かつて学校には、学校側からの急を要する情報を伝えるため、クラスごとに「連絡網」なるものが作られていました。携帯電話のなかった当時、クラスメイトとはいえ「よその家」に電話をかける緊張感はなかなかのもの。ましてや次が好きな人の家だったら……という漫画がTwitterに投稿され、懐かしむ声が多く寄せられています。

 現在では個人情報保護の観点や、情報を受け取るタイムラグがないといった点から、一斉送信メールやLINE通知といった手法にほとんど置き換わった「連絡網」。携帯電話のなかった当時、緊急時の連絡手段は家にある加入電話(家電)が一般的だったため、学校からのお知らせを伝えるツールとして役立っていました。

 ある一定以上の年齢層では懐かしさを感じる、この「連絡網」を題材に、淡い恋心を描いた漫画「phone tree」をTwitterに投稿したのは、趣味で漫画をSNSに投稿している会社員のkeraさん。これは10年前、創作ジャンル専門の同人誌即売会「COMITIA」で頒布した同人誌に収録されている作品とのことです。

 台風接近で外は大荒れとなっている朝、主人公・北本美由紀の家にクラスの連絡網で休校の知らせが届きます。この情報を次の下條康次くんの家に電話連絡しなければいけないのですが、美由紀は母親に「自分が電話をかけたい」と申し出ます。

台風の朝「連絡網」で休校の知らせが届く(keraさん提供)

 実は、下條くんに憧れ(淡い恋心)を抱いている美由紀。教室では友達の目などを意識してしまい、まともにおしゃべりしたことはないけれど、電話なら1対1で話せる……と考えたのでした。

次の「下條くん」は憧れの人(keraさん提供)

 美由紀は電話機のダイヤル(!)を回し始めますが、ふと「下條くんのお母さんが電話に出る可能性もある」ことに思い至ります。憧れの人の母親に対し、ちゃんとした言葉遣いをしなければ!とシミュレーションを重ね、いざダイヤル……というところで、またも思いとどまる美由紀。

本人でなく母親が出たら……!(keraさん提供)

 今度は兄弟(妹)が……とか、耳の遠いお祖母さんが出たら……とか、心配になった美由紀は色々とシミュレーションする妄想が暴走し始めます。最後には「ペットの犬が出たら!」という、あり得ない想像まで。

他の家族が出ることも心配し始める(keraさん提供)

 なかなか電話しない娘に業を煮やした母親が「早くかけなさい!」と叱ったその時。不意に電話のベルが鳴ります。相手は、連絡網の通知が回ってきているのでは、と考えた下條くんその人でした。

妄想が暴走したところに電話が(keraさん提供)

 心の準備が不十分なまま、下條くんと話をすることになった美由紀でしたが、彼の「風で家ごと飛ばされちまったかと思った」という心配の仕方に、思わず吹き出してしまいます。
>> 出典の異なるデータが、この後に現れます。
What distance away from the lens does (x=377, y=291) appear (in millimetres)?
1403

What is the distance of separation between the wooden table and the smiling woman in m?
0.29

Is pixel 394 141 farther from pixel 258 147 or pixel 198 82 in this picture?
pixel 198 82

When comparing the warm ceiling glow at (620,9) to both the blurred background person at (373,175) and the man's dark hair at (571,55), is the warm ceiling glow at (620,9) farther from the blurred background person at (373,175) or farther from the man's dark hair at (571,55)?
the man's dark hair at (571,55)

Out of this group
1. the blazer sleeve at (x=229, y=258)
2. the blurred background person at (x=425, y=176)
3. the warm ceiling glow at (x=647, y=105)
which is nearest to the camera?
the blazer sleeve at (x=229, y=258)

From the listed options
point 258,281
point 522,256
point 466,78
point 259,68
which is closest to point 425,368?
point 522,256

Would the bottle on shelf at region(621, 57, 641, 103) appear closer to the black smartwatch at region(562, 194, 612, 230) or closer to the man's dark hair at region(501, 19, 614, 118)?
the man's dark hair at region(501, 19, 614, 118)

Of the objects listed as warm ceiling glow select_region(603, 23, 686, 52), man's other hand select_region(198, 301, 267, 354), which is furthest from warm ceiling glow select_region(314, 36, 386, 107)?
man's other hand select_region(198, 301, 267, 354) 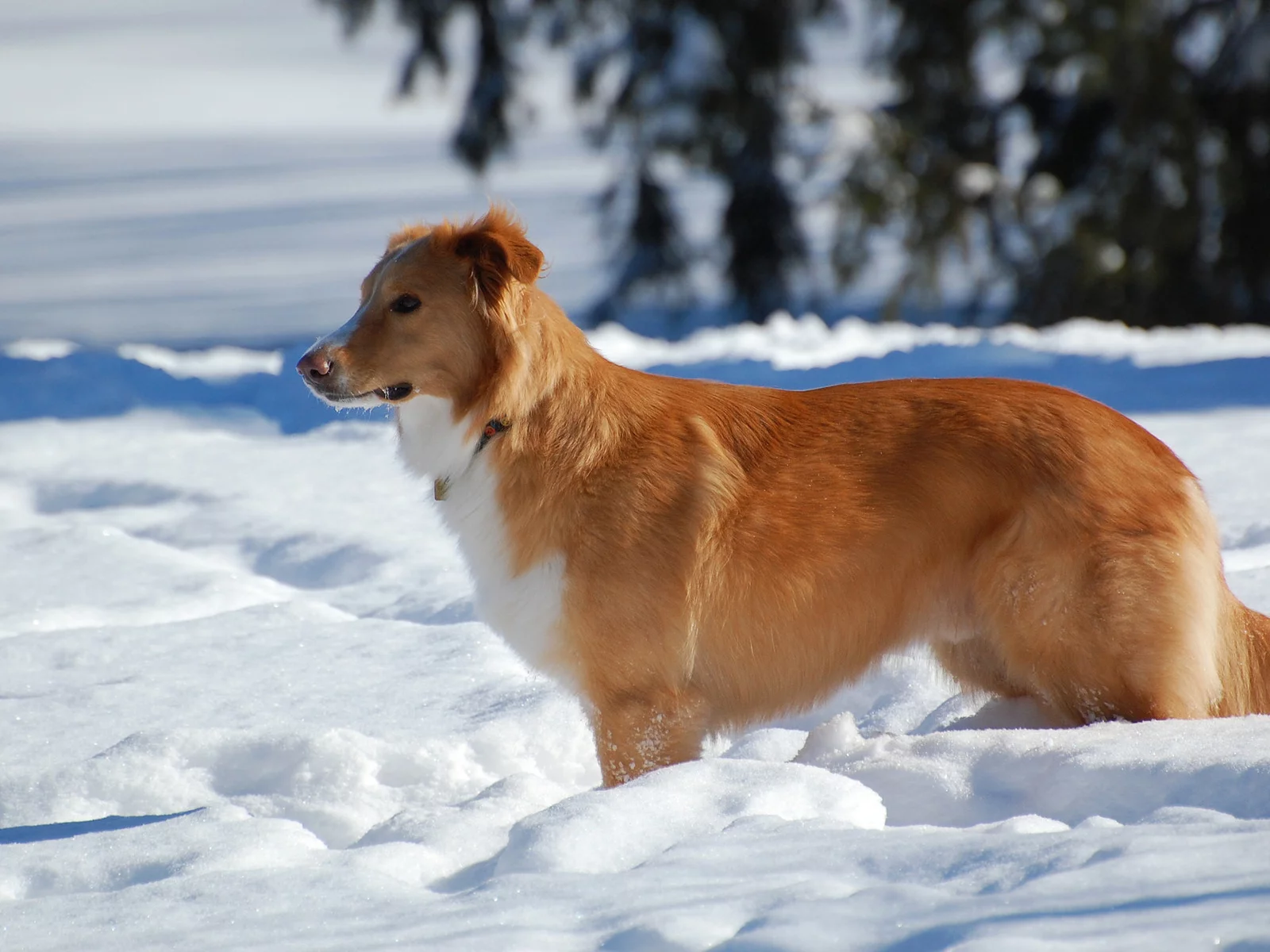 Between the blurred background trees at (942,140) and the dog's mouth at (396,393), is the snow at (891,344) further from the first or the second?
the dog's mouth at (396,393)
どうやらこれで、緊張がほぐれた様子です。

心配した下條くんからの電話(keraさん提供)

 ……と、これは大人になった美由紀が、自分の娘に昔の様子を語って聞かせた様子だったことが最後のページで明らかにされます。今ではメールの一斉送信などに置き換わったため、我が子が「よその家」に電話をかける緊張感を知らずに育つのか……ひとりごちる美由紀。

そんな思い出話を娘にする主人公(keraさん提供)

 最後のコマに描かれた表札で、美由紀は下條くんと結ばれたことが分かります。ひょっとしたら、あの台風の日の連絡網が、2人を近づけるきっかけになったのかもしれませんね。
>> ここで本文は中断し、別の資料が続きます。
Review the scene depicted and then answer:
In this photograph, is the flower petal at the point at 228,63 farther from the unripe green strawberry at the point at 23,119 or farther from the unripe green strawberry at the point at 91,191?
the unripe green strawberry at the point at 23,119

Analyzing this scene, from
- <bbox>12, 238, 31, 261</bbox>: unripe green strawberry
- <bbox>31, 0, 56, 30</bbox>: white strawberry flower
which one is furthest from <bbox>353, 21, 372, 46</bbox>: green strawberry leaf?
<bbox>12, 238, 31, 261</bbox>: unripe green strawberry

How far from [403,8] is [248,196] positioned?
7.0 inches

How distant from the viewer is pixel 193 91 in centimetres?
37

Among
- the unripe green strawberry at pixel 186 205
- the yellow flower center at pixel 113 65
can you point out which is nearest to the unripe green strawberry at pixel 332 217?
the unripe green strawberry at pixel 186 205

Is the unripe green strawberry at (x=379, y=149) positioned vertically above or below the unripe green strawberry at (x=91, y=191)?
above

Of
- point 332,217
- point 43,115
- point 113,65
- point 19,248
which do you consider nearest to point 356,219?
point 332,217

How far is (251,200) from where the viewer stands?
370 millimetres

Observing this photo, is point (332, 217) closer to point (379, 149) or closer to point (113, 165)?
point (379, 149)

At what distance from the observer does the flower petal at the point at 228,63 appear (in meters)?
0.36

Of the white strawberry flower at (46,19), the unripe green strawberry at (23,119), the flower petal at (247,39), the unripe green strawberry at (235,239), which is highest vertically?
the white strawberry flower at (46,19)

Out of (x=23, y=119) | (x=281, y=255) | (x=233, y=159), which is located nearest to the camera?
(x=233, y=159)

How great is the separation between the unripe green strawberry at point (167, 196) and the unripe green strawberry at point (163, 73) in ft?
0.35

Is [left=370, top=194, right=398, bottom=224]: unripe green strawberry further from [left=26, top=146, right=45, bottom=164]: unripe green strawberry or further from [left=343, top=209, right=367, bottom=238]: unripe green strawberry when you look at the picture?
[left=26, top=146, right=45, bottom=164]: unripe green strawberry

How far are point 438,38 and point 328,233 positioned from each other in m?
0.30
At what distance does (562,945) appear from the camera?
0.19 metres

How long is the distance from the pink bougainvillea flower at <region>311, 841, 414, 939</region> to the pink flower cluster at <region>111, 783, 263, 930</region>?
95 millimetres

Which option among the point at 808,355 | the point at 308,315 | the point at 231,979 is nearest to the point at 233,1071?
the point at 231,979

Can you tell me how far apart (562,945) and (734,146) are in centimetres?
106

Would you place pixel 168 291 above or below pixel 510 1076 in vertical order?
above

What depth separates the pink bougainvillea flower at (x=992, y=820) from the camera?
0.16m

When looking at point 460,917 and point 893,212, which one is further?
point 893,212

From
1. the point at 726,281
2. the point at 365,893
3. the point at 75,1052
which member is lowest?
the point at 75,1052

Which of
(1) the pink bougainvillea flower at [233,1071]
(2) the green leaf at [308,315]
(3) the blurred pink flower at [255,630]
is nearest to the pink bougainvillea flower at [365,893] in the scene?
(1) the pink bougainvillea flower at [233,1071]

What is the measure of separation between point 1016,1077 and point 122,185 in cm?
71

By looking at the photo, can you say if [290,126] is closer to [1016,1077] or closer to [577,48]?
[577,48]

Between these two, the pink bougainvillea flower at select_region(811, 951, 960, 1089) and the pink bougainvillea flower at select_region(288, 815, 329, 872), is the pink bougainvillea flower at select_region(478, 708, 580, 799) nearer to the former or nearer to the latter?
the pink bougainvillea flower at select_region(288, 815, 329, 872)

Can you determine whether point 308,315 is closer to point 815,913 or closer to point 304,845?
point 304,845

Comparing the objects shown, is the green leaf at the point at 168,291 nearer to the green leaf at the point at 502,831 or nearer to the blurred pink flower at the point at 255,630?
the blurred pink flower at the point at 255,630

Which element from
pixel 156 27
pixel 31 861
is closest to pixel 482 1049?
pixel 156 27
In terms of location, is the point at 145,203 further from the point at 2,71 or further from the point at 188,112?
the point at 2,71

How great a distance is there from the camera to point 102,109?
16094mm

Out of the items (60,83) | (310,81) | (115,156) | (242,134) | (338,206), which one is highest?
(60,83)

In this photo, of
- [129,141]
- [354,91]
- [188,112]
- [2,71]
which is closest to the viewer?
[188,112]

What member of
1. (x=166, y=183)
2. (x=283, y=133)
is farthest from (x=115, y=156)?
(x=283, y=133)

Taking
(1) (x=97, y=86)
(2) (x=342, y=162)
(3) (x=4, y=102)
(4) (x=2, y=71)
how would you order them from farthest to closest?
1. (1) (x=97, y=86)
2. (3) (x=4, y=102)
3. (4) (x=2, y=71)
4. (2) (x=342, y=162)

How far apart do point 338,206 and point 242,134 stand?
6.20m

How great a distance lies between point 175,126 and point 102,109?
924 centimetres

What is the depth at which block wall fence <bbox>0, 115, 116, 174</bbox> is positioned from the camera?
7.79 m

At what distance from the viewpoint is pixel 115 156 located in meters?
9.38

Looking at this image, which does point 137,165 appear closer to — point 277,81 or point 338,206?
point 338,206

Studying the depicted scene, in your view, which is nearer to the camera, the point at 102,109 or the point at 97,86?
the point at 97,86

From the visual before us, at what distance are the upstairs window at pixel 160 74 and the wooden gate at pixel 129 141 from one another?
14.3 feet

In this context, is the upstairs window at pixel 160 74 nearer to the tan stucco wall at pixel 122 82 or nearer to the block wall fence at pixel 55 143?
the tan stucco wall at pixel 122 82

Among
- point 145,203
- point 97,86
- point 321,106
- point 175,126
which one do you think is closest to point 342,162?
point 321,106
 この作品には、リプライに「家電にかけるあのドキドキ感……めちゃくちゃ懐かしいです」といった感想や、時代の移り変わりを感じるといった反応が寄せられました。それと同時に「今高2ですが、小学校のうちは連絡網ありました」というリプライもあり、まだ低学年のうちは連絡網が構築されている場合もあるようです。

 keraさんは小中学生でも携帯を持つことが当たり前になり、子ども同士で直接連絡を取りあう時代になったことを受け「『相手の家族に電話を取り次いでもらう』というハードルを越えて連絡を取り合っていた時代を懐かしんでもらおうという思いで描きました」と、作品に込めた思いを語ってくれました。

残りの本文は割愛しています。